What you should do: Among the entries that follow, locate the line with "205 82ND STREET, Holmes Beach, FL 34217" and the line with "Greitas karamelinis tinginys". Output those lines and all lines in between, exactly, minus the pictures.

Data for analysis:
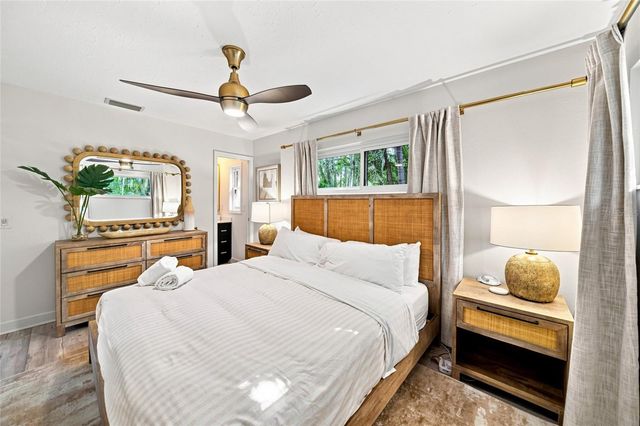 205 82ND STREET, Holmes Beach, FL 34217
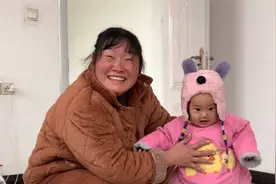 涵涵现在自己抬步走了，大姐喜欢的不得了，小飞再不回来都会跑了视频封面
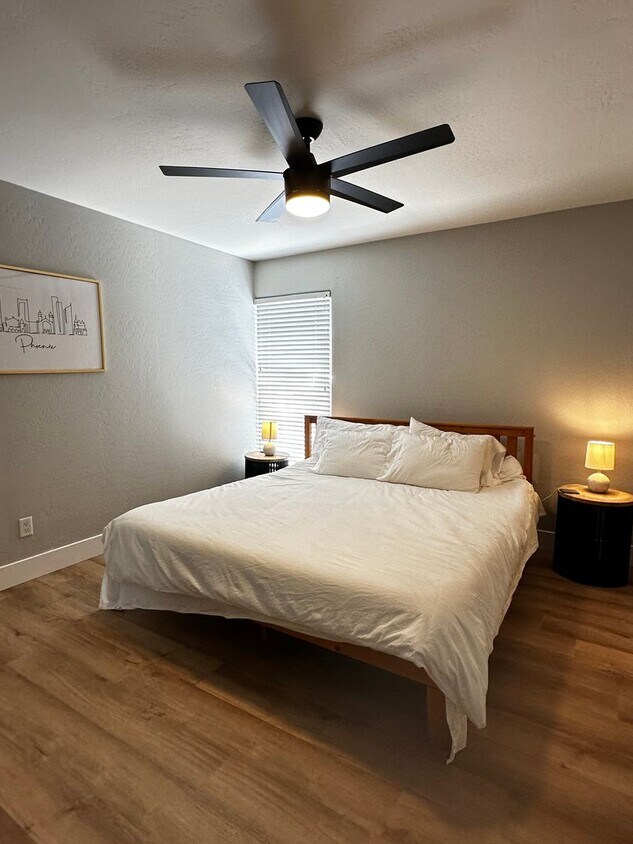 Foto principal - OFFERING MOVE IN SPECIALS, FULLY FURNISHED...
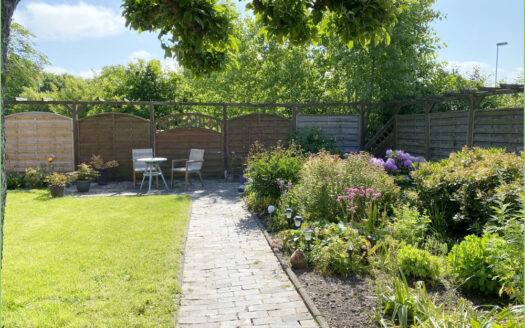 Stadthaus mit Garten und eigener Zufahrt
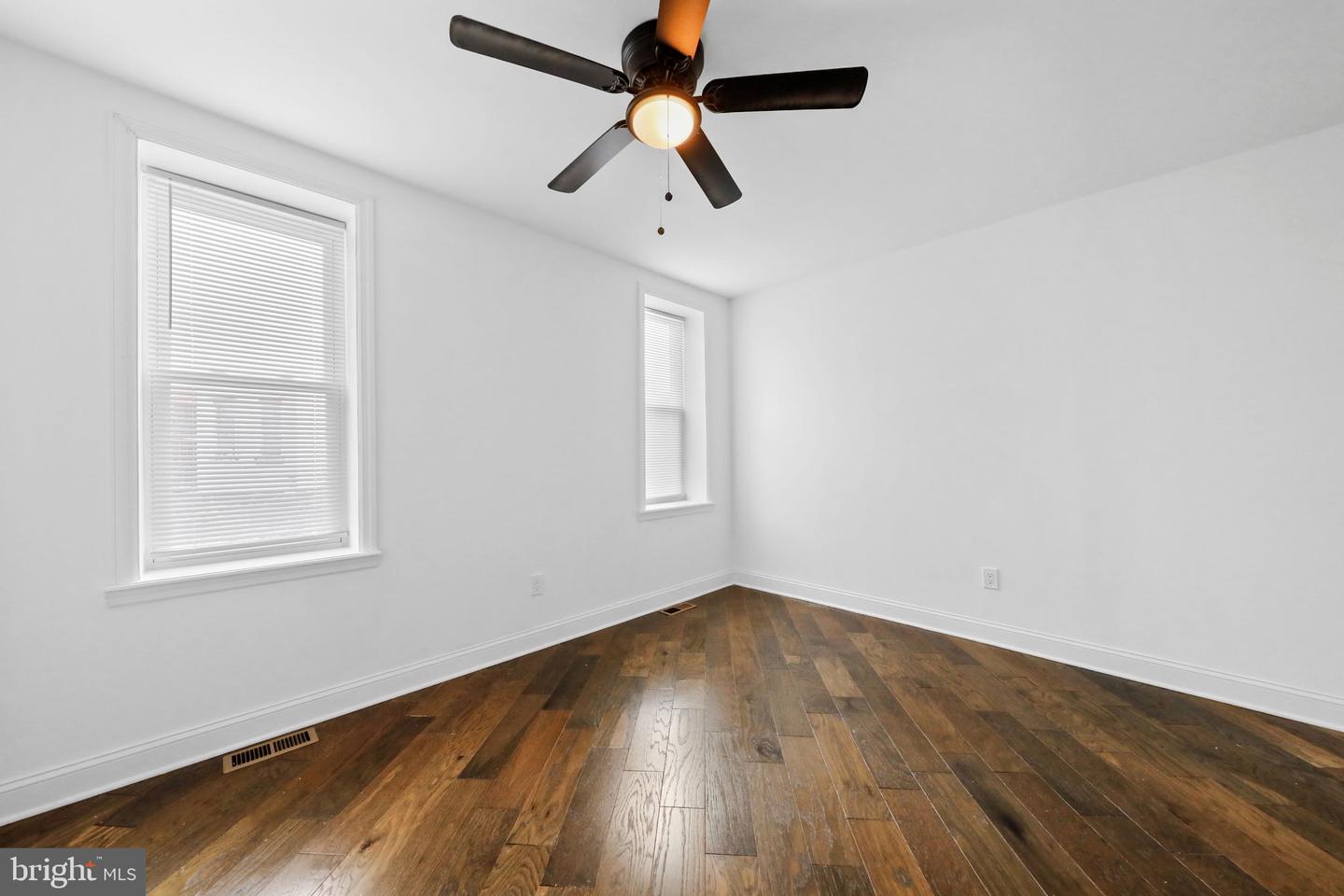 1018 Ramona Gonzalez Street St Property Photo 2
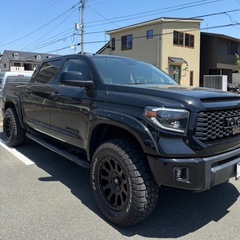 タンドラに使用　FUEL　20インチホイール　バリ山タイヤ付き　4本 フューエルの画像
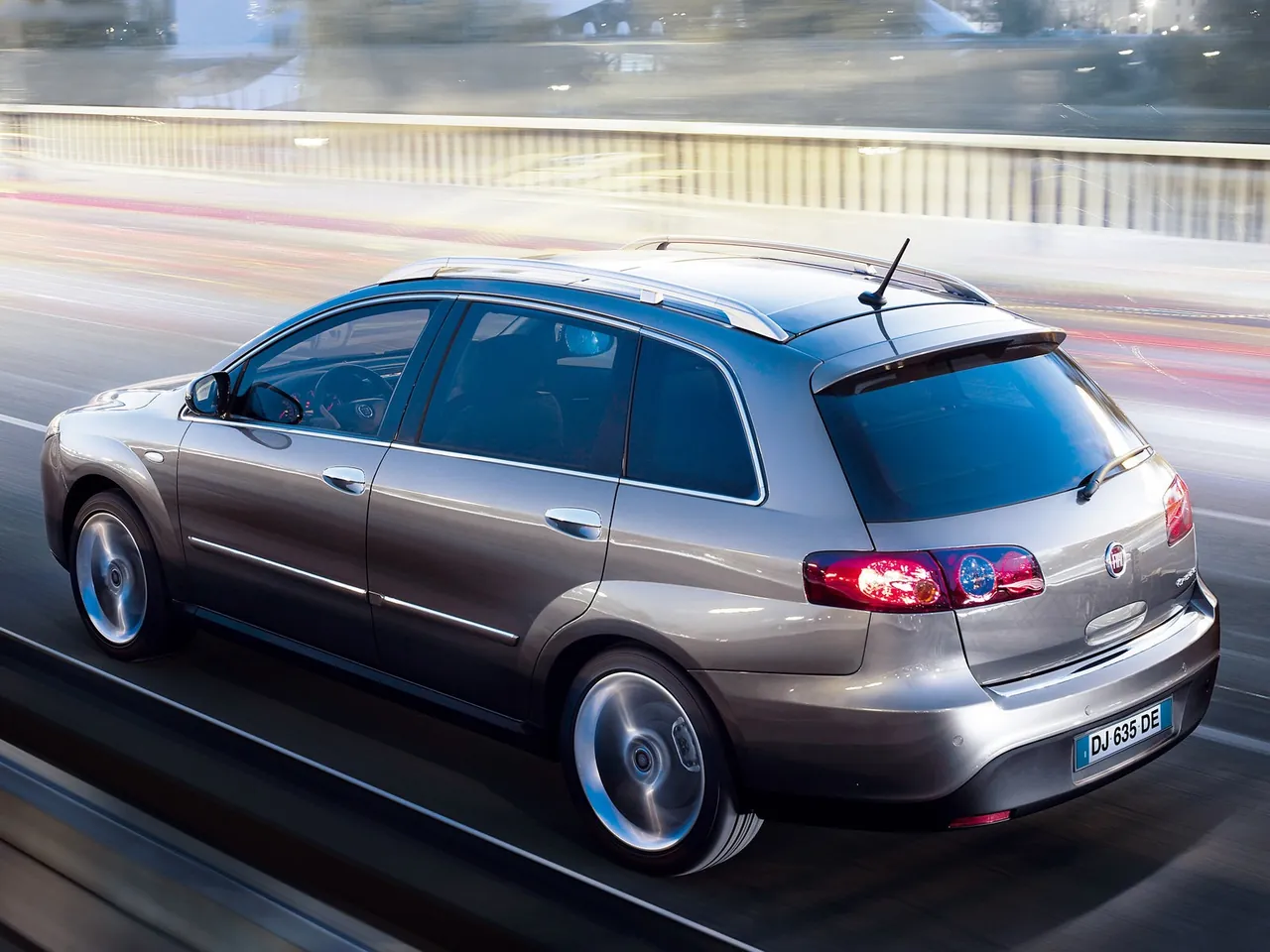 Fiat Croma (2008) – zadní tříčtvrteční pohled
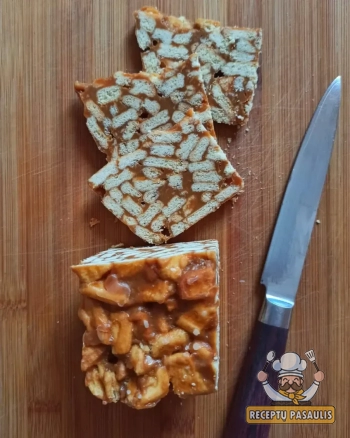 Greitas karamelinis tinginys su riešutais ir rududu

---

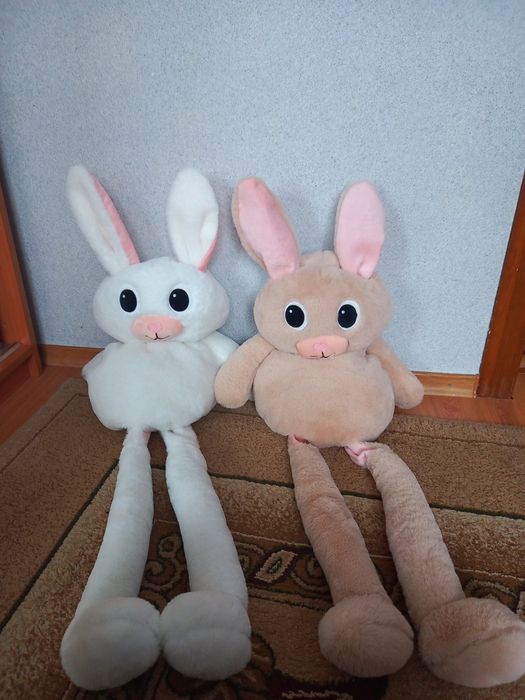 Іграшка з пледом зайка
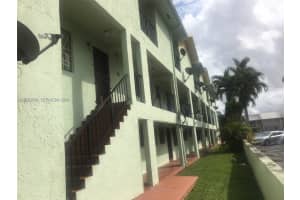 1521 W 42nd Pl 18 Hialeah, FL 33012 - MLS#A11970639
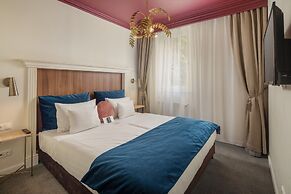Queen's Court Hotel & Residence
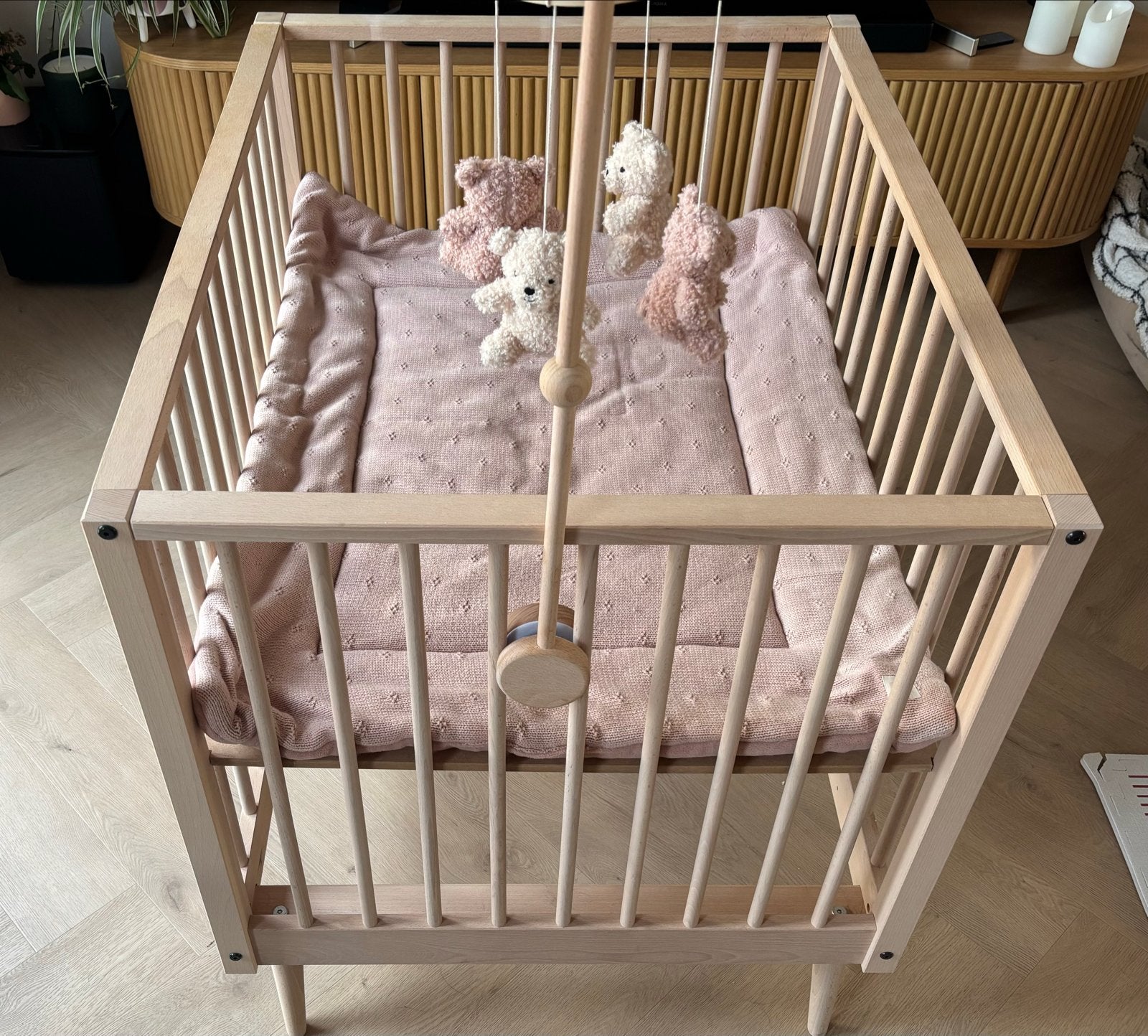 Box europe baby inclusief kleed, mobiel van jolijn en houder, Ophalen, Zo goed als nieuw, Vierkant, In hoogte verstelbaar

Task solution:
 205 82ND STREET, Holmes Beach, FL 34217
 涵涵现在自己抬步走了，大姐喜欢的不得了，小飞再不回来都会跑了视频封面
 Foto principal - OFFERING MOVE IN SPECIALS, FULLY FURNISHED...
 Stadthaus mit Garten und eigener Zufahrt
 1018 Ramona Gonzalez Street St Property Photo 2
 タンドラに使用　FUEL　20インチホイール　バリ山タイヤ付き　4本 フューエルの画像
 Fiat Croma (2008) – zadní tříčtvrteční pohled
 Greitas karamelinis tinginys su riešutais ir rududu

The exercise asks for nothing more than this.